→ Brief
Only these lines, please: the first one of the records through the one containing "120X90X180Cm 2 in", retyped exactly, both ends included and pictures omitted.
Records for the exercise section start
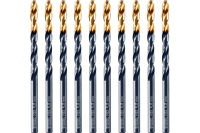 Сверло по металлу Golden Tip 4.8 мм, HSS-Tin, 10 шт, DIN 338 Denzel 717212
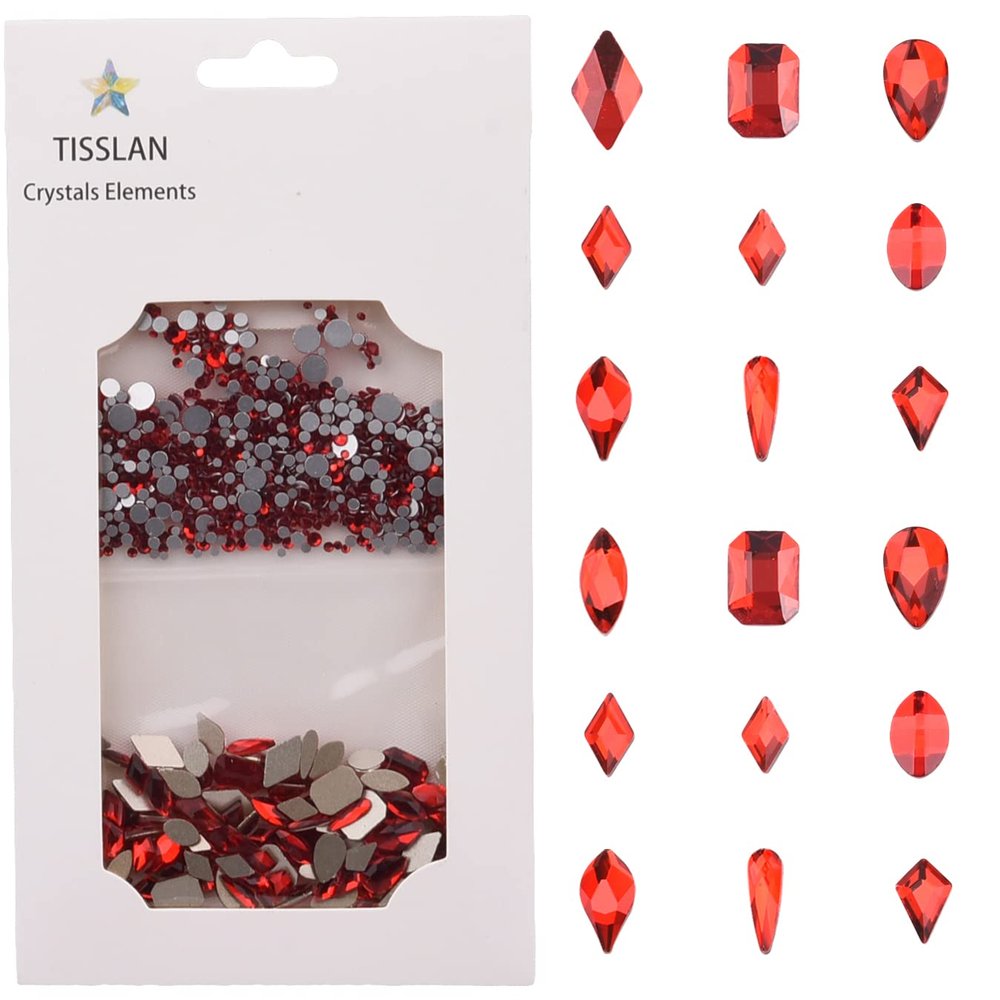 Tisslan 100pcs Glass Red Nail Rhinestones Shapes Mix 720pcs Flat Back Crystal Gem Stones Nail Decoration Charms Bulk Pack Supply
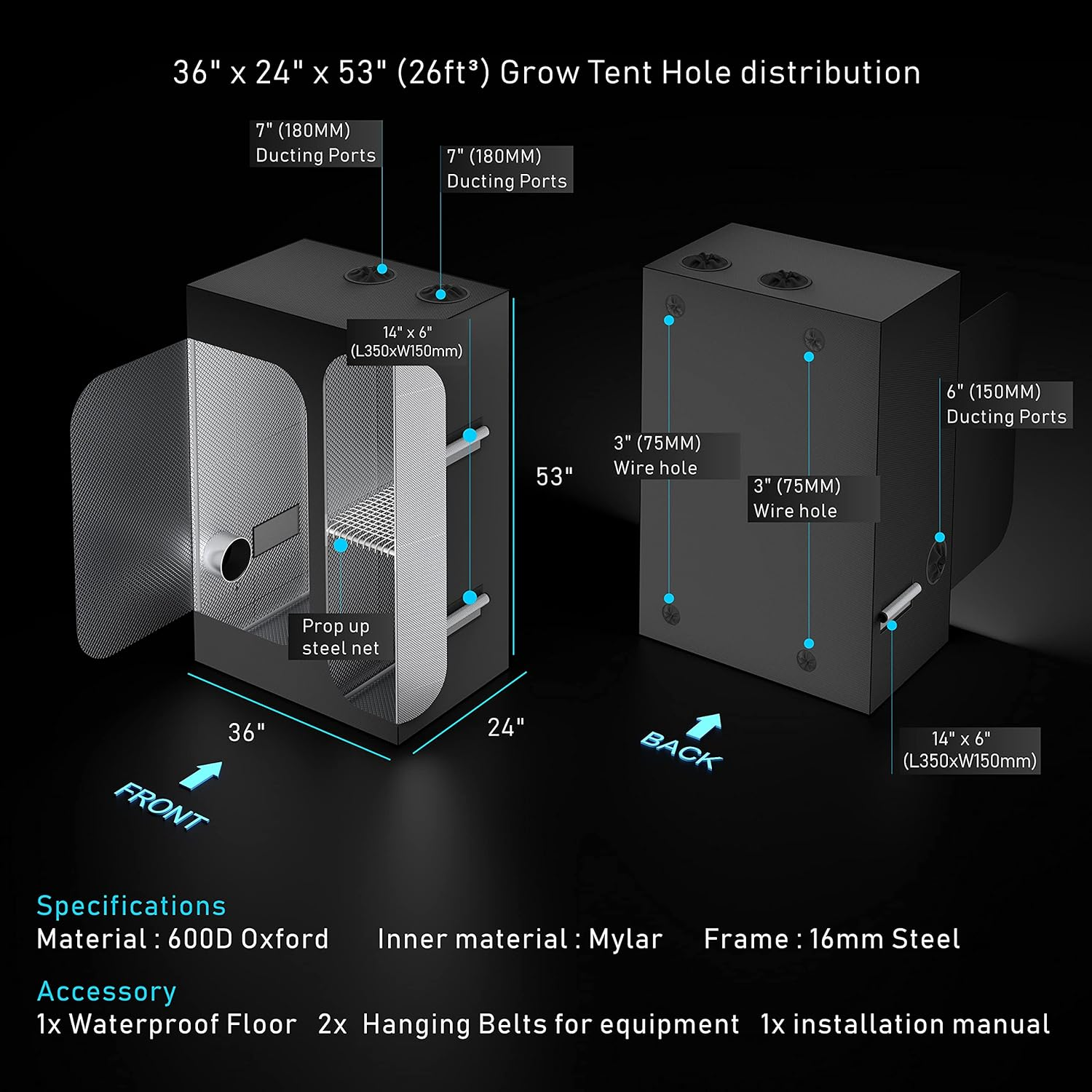 120X90X180Cm 2 in 1 Grow Light Tent Hydroponics Growing System Indoor Greenhouse Indoor Plant Kits, 600D Oxford Cloth Black Exterior and Steel Frame 100% Reflective for Hydroponics Grow System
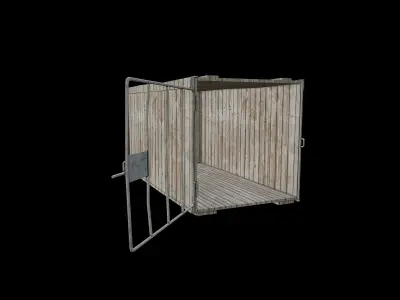 Dog Cage - 2 Models - PBR - Textured Low-poly 3D model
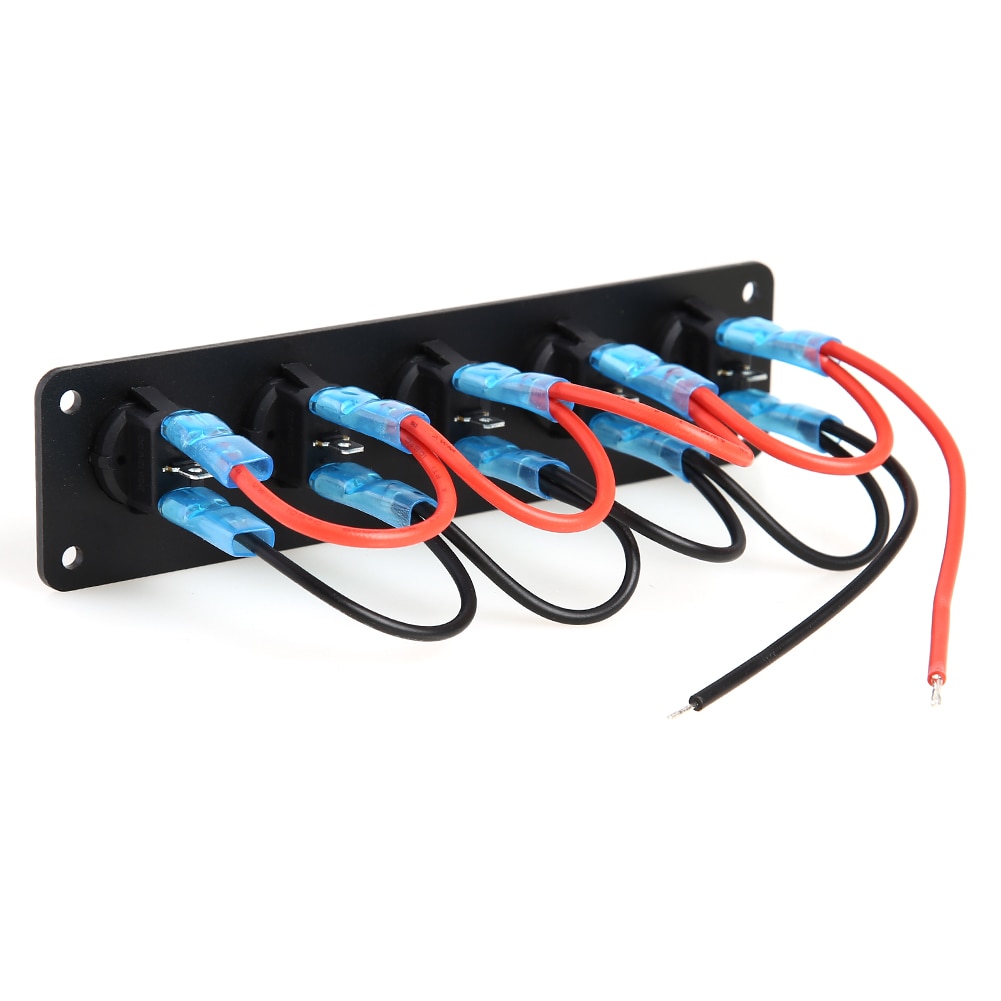 Waterproof Rocker Switch Panel LED 12V 20A 24V 10A DC 5 Gang Car Marine Blue Outdoor Personal Car Parts Decoration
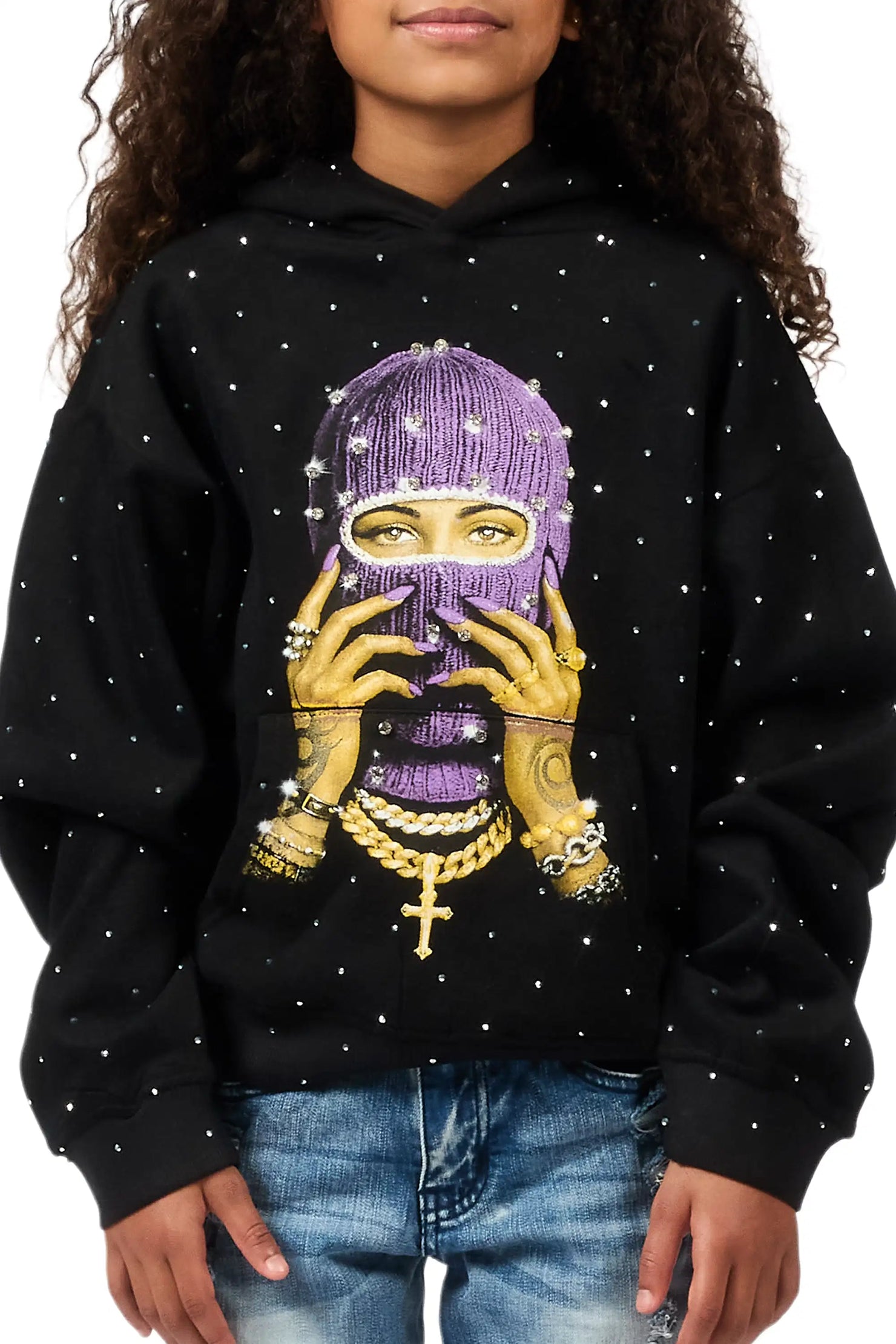 Girls Jayla Black Rhinestone Hoodie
Records for the exercise section end
→ Reply
 Сверло по металлу Golden Tip 4.8 мм, HSS-Tin, 10 шт, DIN 338 Denzel 717212
 Tisslan 100pcs Glass Red Nail Rhinestones Shapes Mix 720pcs Flat Back Crystal Gem Stones Nail Decoration Charms Bulk Pack Supply
 120X90X180Cm 2 in 1 Grow Light Tent Hydroponics Growing System Indoor Greenhouse Indoor Plant Kits, 600D Oxford Cloth Black Exterior and Steel Frame 100% Reflective for Hydroponics Grow System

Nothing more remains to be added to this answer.